Le “Mutirão” : une tradition brésilienne inclusive au service de la COP30
Le concept de Mutirão, inspiré des traditions collectives brésiliennes a été mis en avant à Bonn comme pilier de la stratégie de la présidence brésilienne pour la COP 30. Le Mutirão se définit comme un effort collectif basé sur la solidarité et l’action partagée, mobilisant la société civile, les communautés locales, les peuples autochtones, les femmes, les jeunes et les défenseur.e.s de l’environnement pour passer des négociations à l’action concrète. La force du Mutirão réside dans sa décentralisation et sa capacité à intégrer les initiatives locales dans un mouvement global, tout en respectant l’autonomie et la diversité des acteurs impliqués. Il s’agit de garantir que les communautés les plus touchées par la crise climatique soient au centre des décisions et des solutions, et que leur sécurité soit assurée. Dans la préparation de la COP30, un élément est intéressant et assez nouveau, celui du sommet des peuples qui est organisé par les mouvements sociaux et par les peuples autochtones au Brésil. Cela devrait permettre un suivi populaire, centré sur les droits, qui imposera une pression supplémentaire sur les Etats en train de négocier.
Pour conclure : quelles COP pour le futur?
À Bonn, de nombreux acteurs ont souligné la nécessité de rendre les négociations et les documents accessibles dans davantage de langues et de formats, afin de favoriser la participation de toutes les communautés, notamment celles des peuples autochtones et des territoires les plus vulnérables. Cette ouverture est vue comme un levier pour renforcer la légitimité et l’efficacité des décisions prises au sein de la CCNUCC.
Car en effet, l’expansion massive des COP n’a pas abouti à des décisions meilleures et plus inclusives ; au contraire, elle a davantage ouvert la porte à l’industrie des combustibles fossiles et à d’autres gros émetteurs, leur permettant de continuer à polluer en toute impunité et à proposer des illusions coûteuses pour verdir leur image. Pour aggraver la situation, les discussions climatiques ont été organisées dans des pays présentant des bilans problématiques en matière de droits humains et des intérêts importants dans les énergies fossiles.

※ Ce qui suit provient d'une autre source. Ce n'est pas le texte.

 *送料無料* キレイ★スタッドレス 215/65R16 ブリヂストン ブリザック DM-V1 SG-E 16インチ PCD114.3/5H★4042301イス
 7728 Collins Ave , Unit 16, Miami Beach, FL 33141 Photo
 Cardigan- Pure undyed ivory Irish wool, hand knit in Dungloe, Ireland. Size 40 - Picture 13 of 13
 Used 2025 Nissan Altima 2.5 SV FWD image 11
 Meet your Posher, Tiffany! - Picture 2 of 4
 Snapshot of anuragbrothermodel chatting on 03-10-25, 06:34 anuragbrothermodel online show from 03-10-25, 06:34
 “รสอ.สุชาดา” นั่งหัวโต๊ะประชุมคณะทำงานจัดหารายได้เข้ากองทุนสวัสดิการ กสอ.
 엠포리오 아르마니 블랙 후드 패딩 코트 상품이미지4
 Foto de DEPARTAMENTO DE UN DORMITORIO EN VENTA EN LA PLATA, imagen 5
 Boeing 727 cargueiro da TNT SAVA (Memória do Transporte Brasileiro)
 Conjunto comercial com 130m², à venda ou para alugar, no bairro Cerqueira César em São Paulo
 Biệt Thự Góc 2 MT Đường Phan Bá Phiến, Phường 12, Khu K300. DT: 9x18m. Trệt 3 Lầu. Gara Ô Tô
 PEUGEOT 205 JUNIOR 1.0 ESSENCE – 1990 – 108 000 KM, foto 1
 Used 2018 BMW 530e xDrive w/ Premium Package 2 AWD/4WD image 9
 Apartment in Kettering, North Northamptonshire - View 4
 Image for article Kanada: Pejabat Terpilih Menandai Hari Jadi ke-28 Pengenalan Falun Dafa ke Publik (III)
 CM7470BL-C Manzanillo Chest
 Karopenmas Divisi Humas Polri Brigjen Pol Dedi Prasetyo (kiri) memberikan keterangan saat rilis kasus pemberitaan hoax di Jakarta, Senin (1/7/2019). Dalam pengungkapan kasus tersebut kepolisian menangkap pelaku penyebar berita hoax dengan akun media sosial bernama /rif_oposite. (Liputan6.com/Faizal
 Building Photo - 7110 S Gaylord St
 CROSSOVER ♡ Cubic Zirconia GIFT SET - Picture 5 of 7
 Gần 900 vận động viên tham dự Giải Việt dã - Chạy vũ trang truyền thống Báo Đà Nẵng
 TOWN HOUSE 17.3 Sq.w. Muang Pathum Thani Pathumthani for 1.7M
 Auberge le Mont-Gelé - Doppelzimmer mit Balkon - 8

La gouvernance climatique mondiale est de plus en plus perçue comme déconnectée des réalités, guidée par des intérêts particuliers, et en perte de pertinence et de confiance.
De fait, des discussions commencent sur la possibilité de réformer les modes de négociations afin de rendre la CCNUCC et ces COP plus adaptées au contexte actuel, plus efficaces : cela peut passer par un nouveau système de conception de l’agenda (qui ne pourront plus bloquer les négociations), rendre obligatoire pour les pays hôte des COP d’établir des garanties pour le respect des défenseurs et défenseuses de l’environnement à leur COP. Mais la société civile va plus loin, en demandant par exemple une politique de conflit d’intérêt à la CCNUCC (comme cela peut exister par exemple à l’Organisation Mondiale de la Santé). Dans le cadre des 10 ans de l’Accord de Paris, ces discussions seront centrales à la COP30 et au-delà.